I've been studying properties of the Leray transform (a fairly natural analogue of the Cauchy transform in one variable) in the setting of convex Reinhardt domain in C^2, which have rotational symmetry with respect to each variable. I'm mostly interested in the singular spectrum of the Leray transform and how it classifies the underlying convex Reinhardt domain. Can one hear the shape of such a domain? The answer probably depends on the exact meaning of "hearing". "Shape" is only defined up to dilations, variable swaps and taking the projective dual, all of which preserve the spectrum. One of my current results is that in two dimensions, you can distinguish (up to dilations and duality) two "almost" C^2 smooth, convex Reinhardt domains (satisfying one more condition) by looking at each spectrum as a labeled set. The unlabeled case seems more complicated, and might not have a straightforward statement. I was also able to compute the Leray norm for l_p balls and their dilations (given by a|z_1|^2+b|z_2|^p<1 for p>1 and a,b>0) for a special measure, and more generally for domains in this setting, the essential norm for a family of measures.

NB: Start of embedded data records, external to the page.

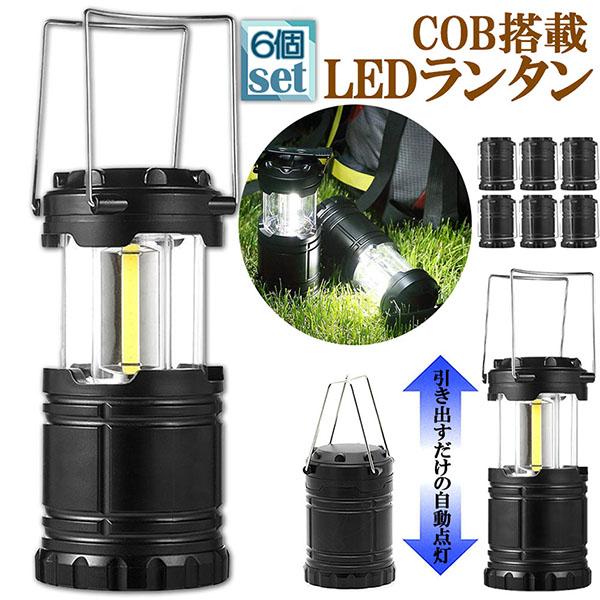 ランタン LED COB 懐中電灯 6個セット 2WAY 電池式 キャンプランタン コンパクト 防災...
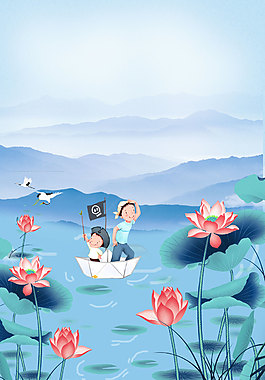 時(shí)尚精美廣告背景
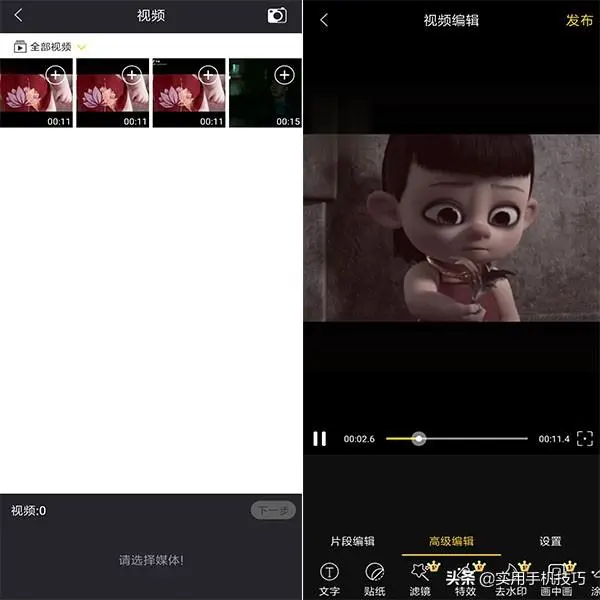 如何将电影、动漫等"名场面"做成表情包？教你轻松一键制作GIF图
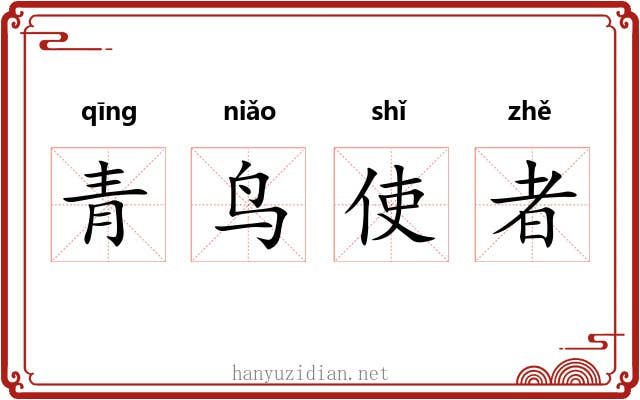青鸟使者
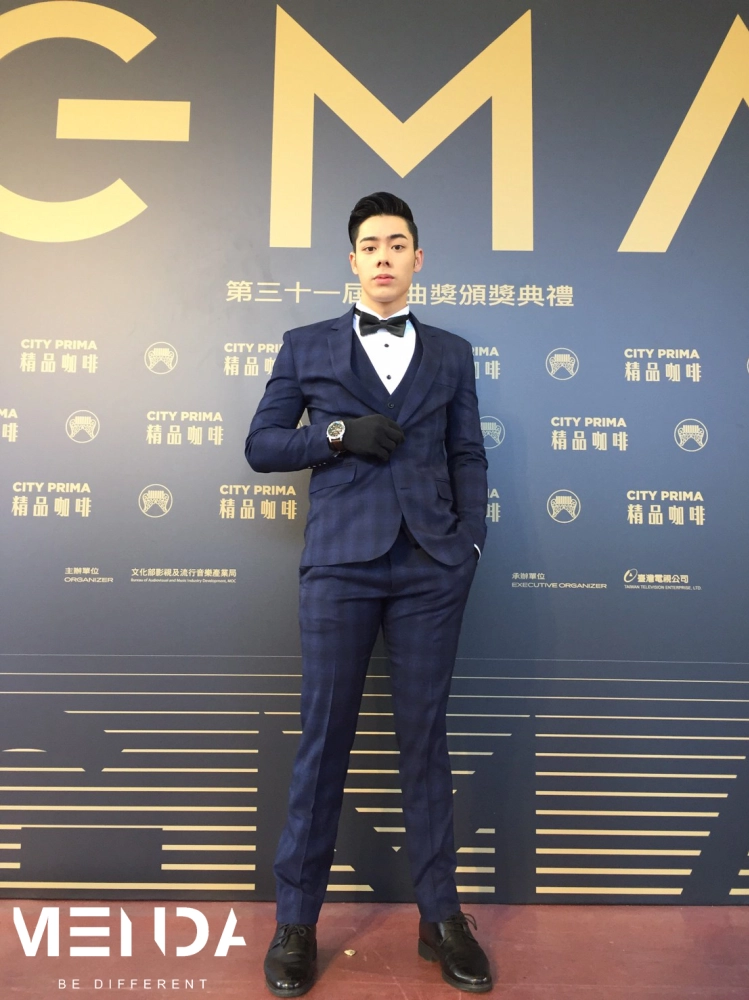 2020金曲獎禮儀先生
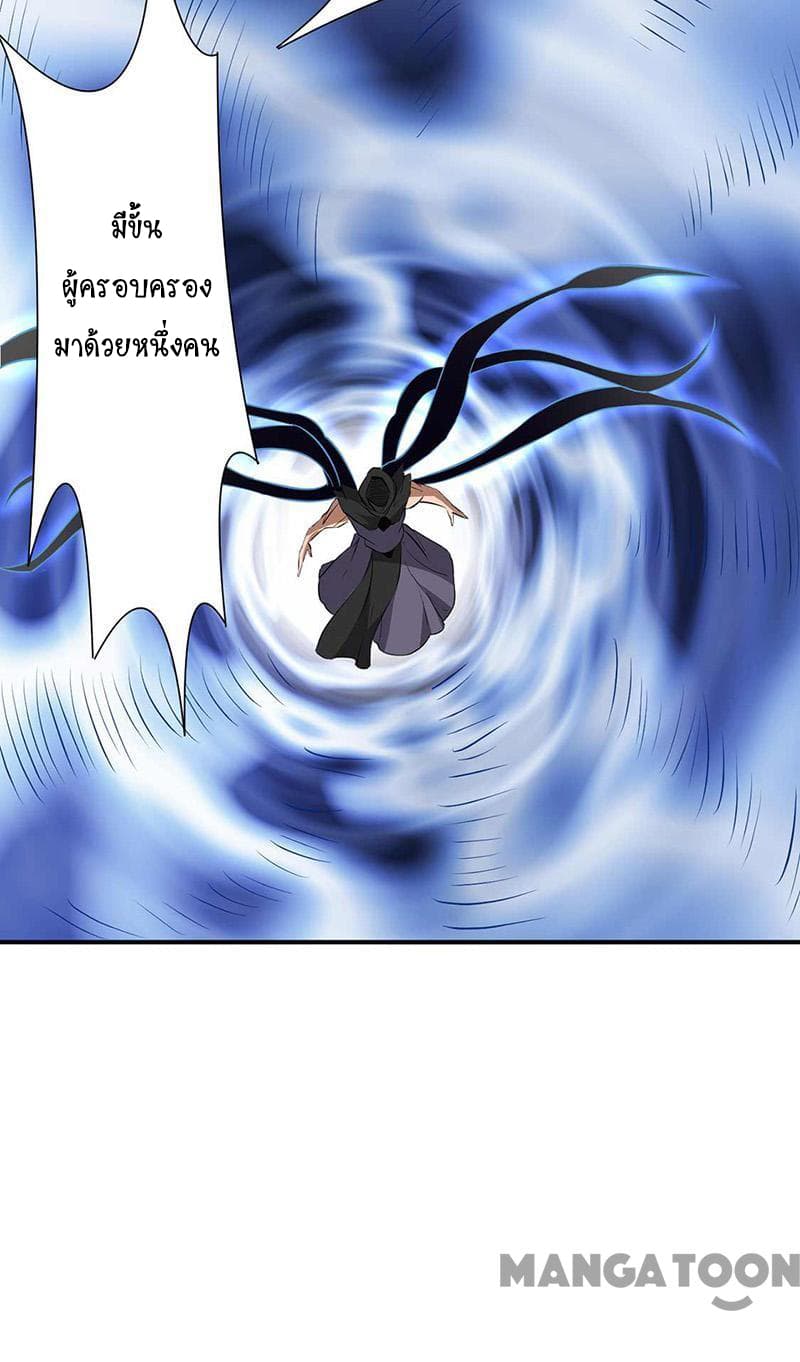 WuDao Du Zun page 8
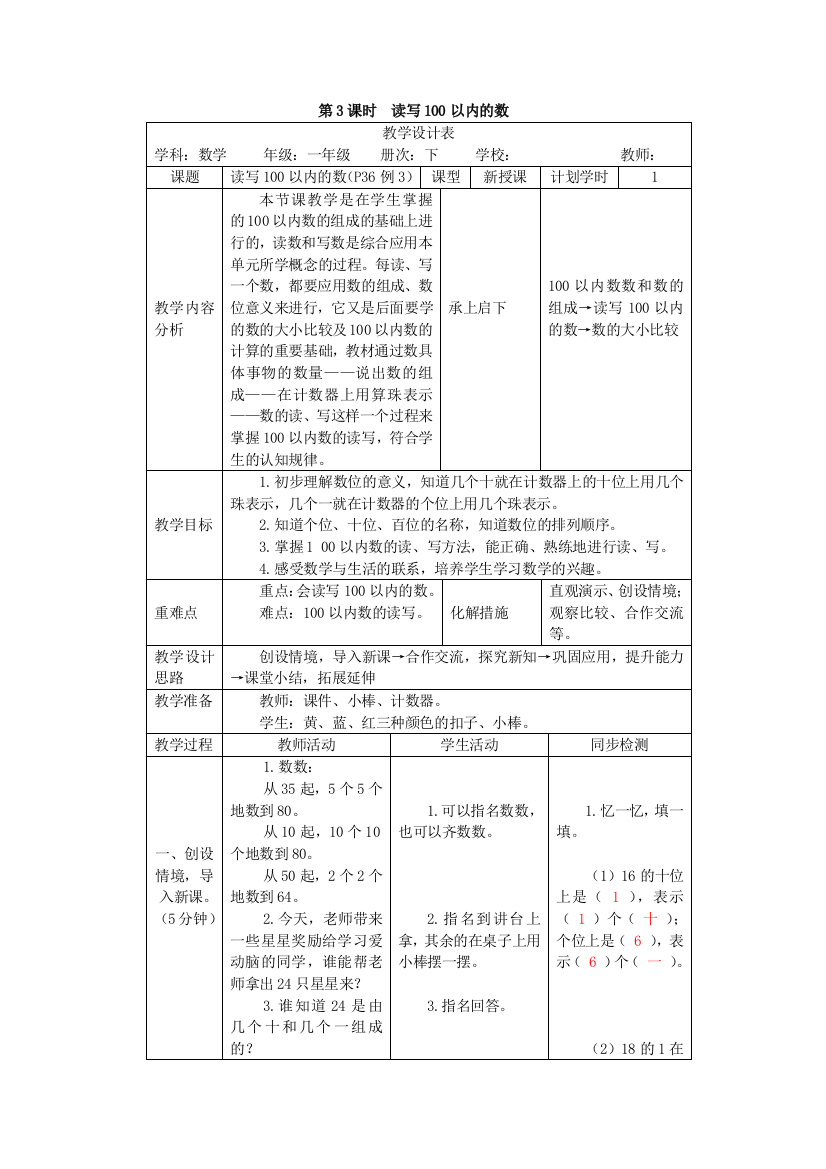 一年级下册数学教案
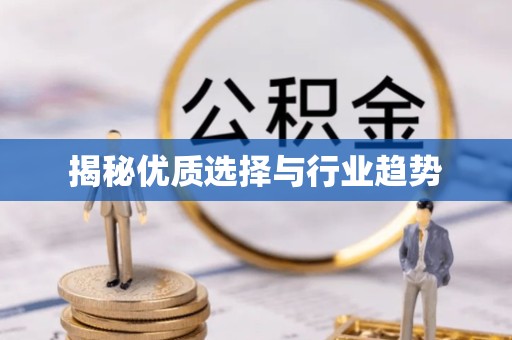 眉山揭秘优质选择与行业趋势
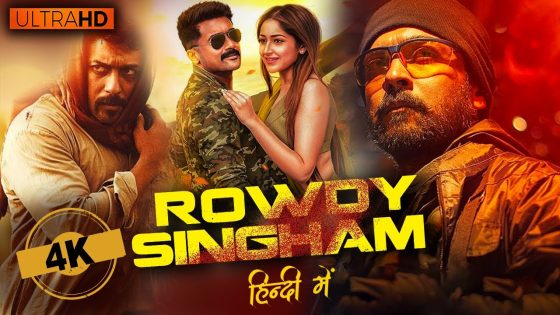 Rowdy Singham – Full Movie – Mohanlal – Arya – Hindi Dubbed Movie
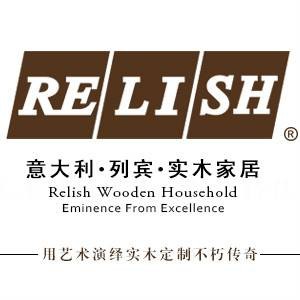 列宾橱柜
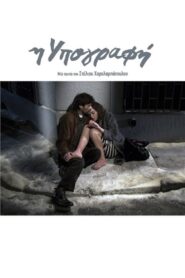 Η Υπογραφή – 2011 – Online In Netflix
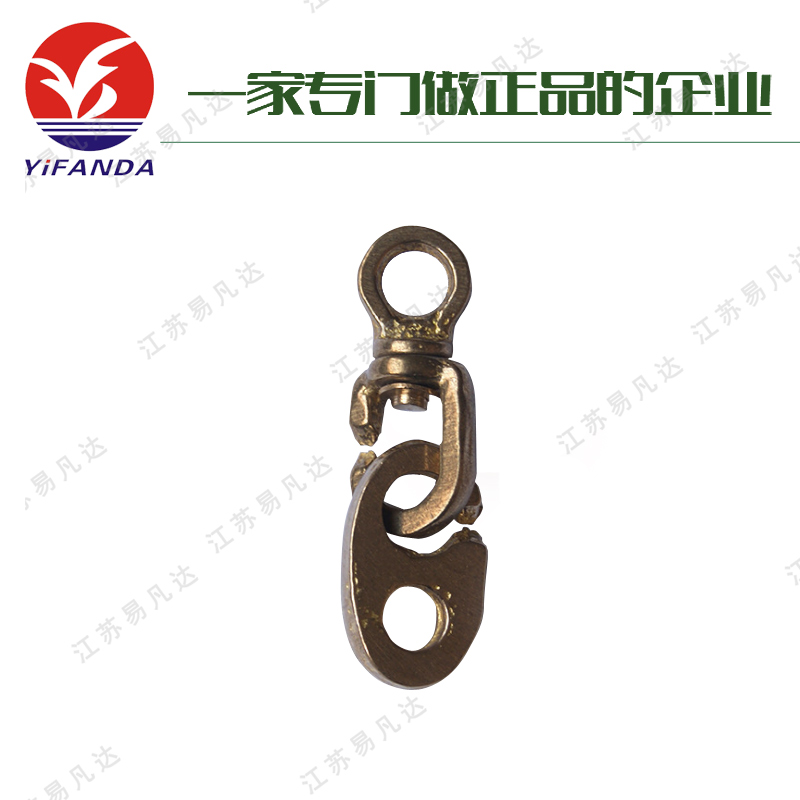 船用信号旗挂钩、IMPA371581船用铜旗钩、旗帜配件、旗帜挂钩、IMPA371586/87/88旗帜铜滑车滑轮
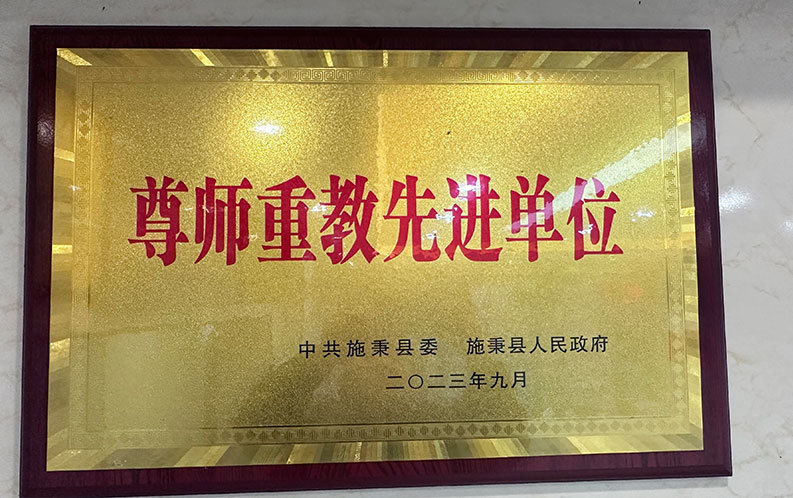 图片名称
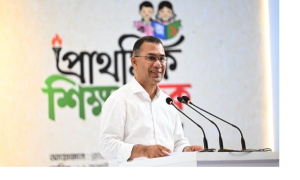 শিক্ষার্থীদের কী পরামর্শ দিলেন প্রধানমন্ত্রী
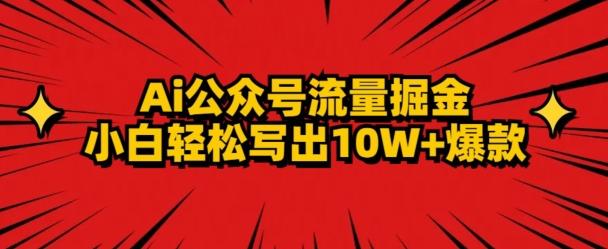 AI公众号掘金新玩法,小白轻松10W+爆款-云创网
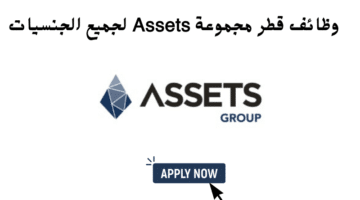 وظائف قطر مجموعة Assets لجميع الجنسيات 10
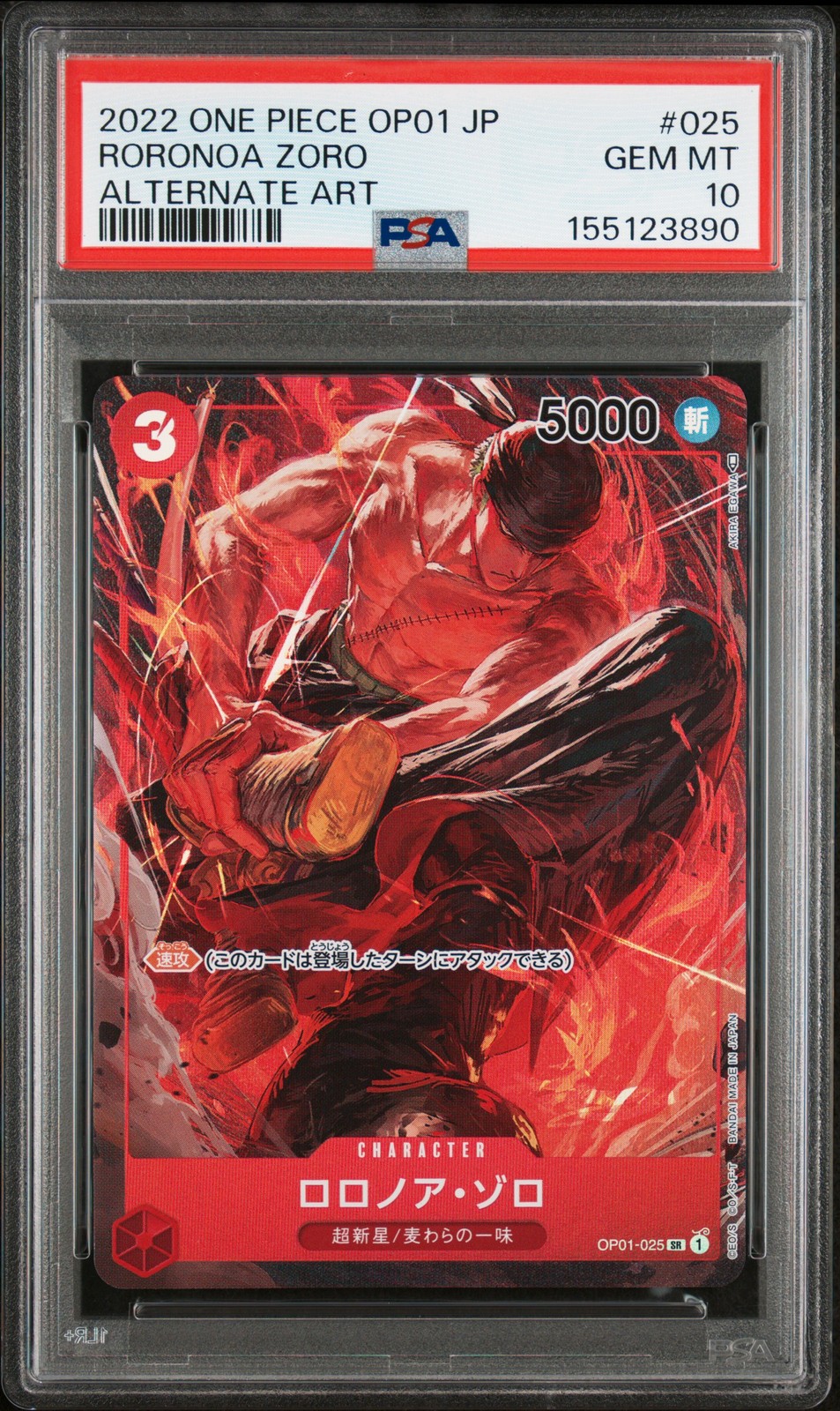 2022 ONE PIECE JAPANESE OP01-ROMANCE DAWN ALTERNATE ART #025 RORONOA ZORO PSA 10 2022 ONE PIECE JAPANESE OP01-ROMANCE DAWN ALTERNATE ART #025 RORONOA ZORO PSA 10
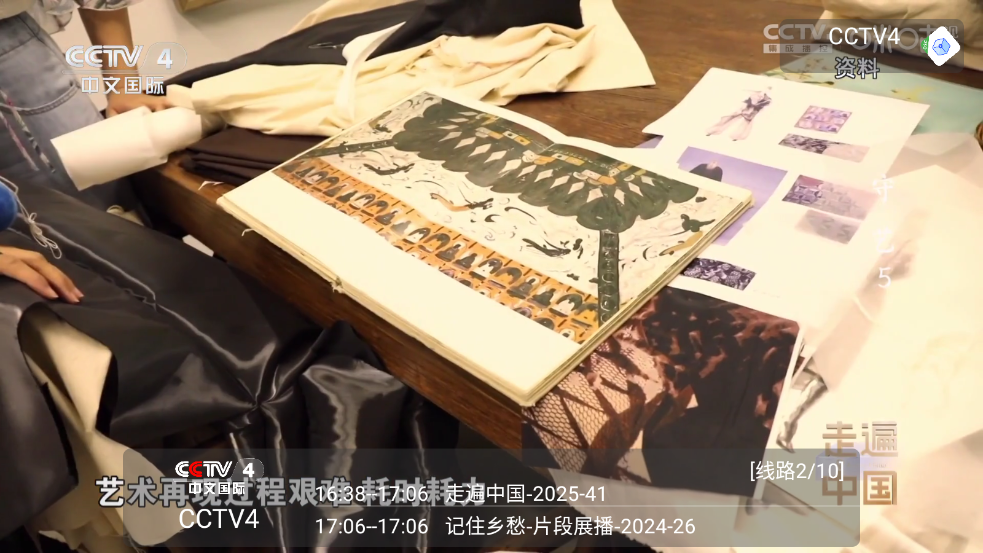 THBox电视版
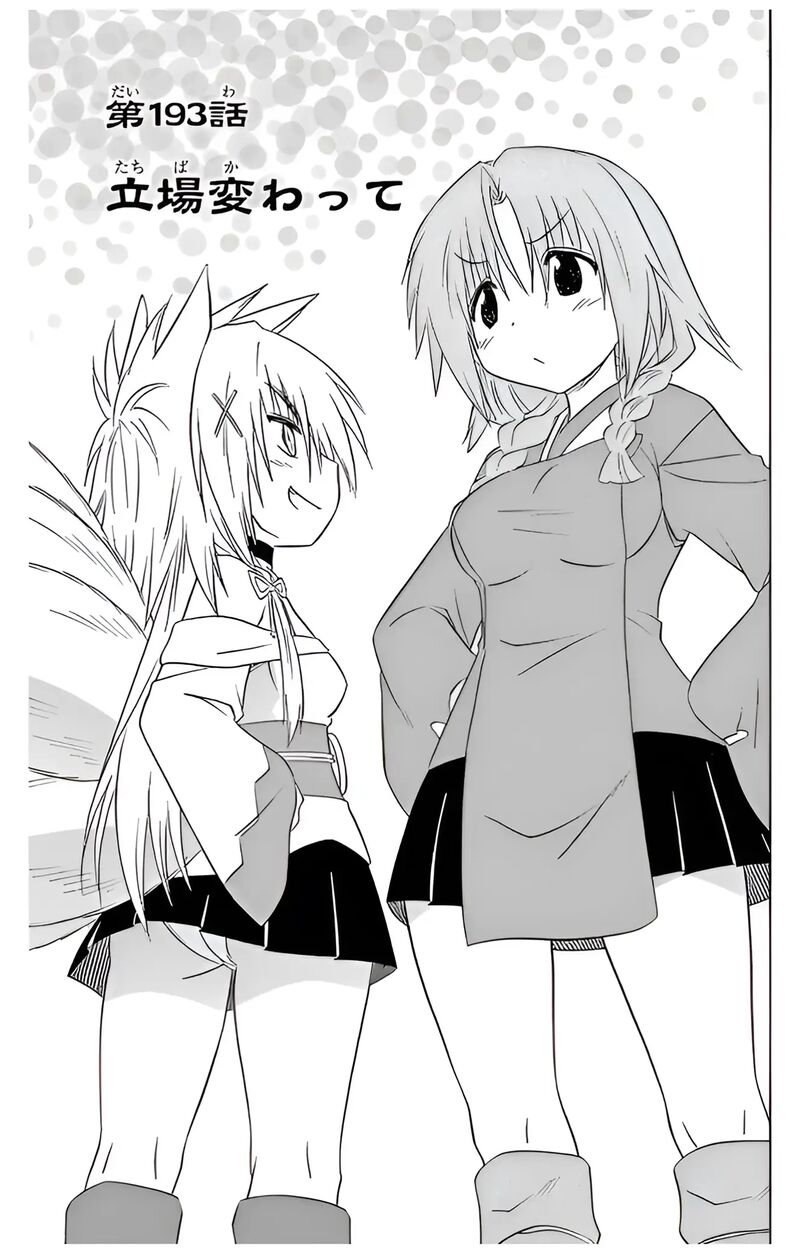 Nagasarete Airantou Chapter 193 Page 3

I've also been studying the setting of rigid Hartogs domains in C^2, which have one rotational symmetry in addition to translation invariance (in the real part of one of the variables), so the spectrum generally lacks eigenvalues (it is generally continuous due to the translation invariance). Still, many similarities between the two settings arise. In both settings, asymptotic analysis plays a special role in establishing sufficient conditions (some are necessary) on the domain for the Leray operator to be L^2 bounded with respect to various measures. Moreover, the inverse spectral problem can be solved in essentially the same way, with the same kind of restriction as before.
My main future direction is to understand these settings in higher dimensions. In fact, the higher the dimension, the more such settings there are. At the same time, there are still things to do in C^2 such as norm computations.
Going back to an earlier period, I have a Bachelor's and Master's in Mathematics from Tel Aviv University. My advisor was Daniel Alpay and the title of my thesis is Quaternionic Wiener Algebras, Factorization and the Corona Theorem. The thesis extends theorems from complex analysis to the quaternionic setting, with the Corona theorem in question being an analogue of the matrix-valued one. I published one related paper, regarding Wiener algebras and factorization.